Question

How do you factor `x^ { 8} + 2x ^ { 6} - x ^ { 4} - 2x ^ { 2}`?

Answer 1

`x^8+2x^6-x^4-2x^2 = x^2(x-1)(x+1)(x^2+1)(x^2+2)`

Explanation:

The difference of squares identity can be written:

`a^2-b^2 = (a-b)(a+b)`

We use this a couple of times below.

Given:

`x^8+2x^6-x^4-2x^2`

Note that the ratio of the first and second terms is the same as that between the third and fourth terms. So this octic quadrinomial will factor by grouping. In addition all of the terms are divisible by `x^2`, so we can separate that out as a factor first...

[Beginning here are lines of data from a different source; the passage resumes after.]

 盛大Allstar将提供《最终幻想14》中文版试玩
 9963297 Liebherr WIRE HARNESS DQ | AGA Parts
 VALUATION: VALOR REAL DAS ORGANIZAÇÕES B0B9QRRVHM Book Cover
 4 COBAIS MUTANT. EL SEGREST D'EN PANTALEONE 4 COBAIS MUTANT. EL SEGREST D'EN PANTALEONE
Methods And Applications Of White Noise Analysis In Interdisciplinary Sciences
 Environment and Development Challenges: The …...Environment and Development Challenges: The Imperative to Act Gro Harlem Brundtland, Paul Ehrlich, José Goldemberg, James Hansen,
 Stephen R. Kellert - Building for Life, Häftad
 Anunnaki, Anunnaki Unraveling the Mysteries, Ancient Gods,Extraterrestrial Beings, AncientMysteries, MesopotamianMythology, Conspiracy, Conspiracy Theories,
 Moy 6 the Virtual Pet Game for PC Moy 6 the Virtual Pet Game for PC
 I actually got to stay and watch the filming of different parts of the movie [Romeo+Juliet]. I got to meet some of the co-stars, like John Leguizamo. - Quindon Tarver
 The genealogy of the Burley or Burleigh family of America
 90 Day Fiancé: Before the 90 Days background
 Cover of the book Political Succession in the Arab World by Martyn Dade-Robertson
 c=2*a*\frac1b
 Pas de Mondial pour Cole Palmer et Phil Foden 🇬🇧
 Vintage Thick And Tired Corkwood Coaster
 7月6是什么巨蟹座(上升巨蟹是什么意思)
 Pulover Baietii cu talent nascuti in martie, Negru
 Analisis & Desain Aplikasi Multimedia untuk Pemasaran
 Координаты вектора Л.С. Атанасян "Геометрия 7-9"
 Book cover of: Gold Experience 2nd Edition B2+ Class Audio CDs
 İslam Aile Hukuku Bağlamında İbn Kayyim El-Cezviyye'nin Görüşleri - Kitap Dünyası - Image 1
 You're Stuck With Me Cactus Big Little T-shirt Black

`x^8+2x^6-x^4-2x^2 = x^2(x^6+2x^4-x^2-2)`

`color(white)(x^8+2x^6-x^4-2x^2) = x^2((x^6+2x^4)-(x^2+2))`

`color(white)(x^8+2x^6-x^4-2x^2) = x^2(x^4(x^2+2)-1(x^2+2))`

`color(white)(x^8+2x^6-x^4-2x^2) = x^2(x^4-1)(x^2+2)`

`color(white)(x^8+2x^6-x^4-2x^2) = x^2((x^2)^2-1^2)(x^2+2)`

`color(white)(x^8+2x^6-x^4-2x^2) = x^2(x^2-1)(x^2+1)(x^2+2)`

`color(white)(x^8+2x^6-x^4-2x^2) = x^2(x^2-1^2)(x^2+1)(x^2+2)`

`color(white)(x^8+2x^6-x^4-2x^2) = x^2(x-1)(x+1)(x^2+1)(x^2+2)`

The remaining quadratic factors are strictly positive for any Real value of `x`, and hence cannot be broken down into linear factors with Real coefficients.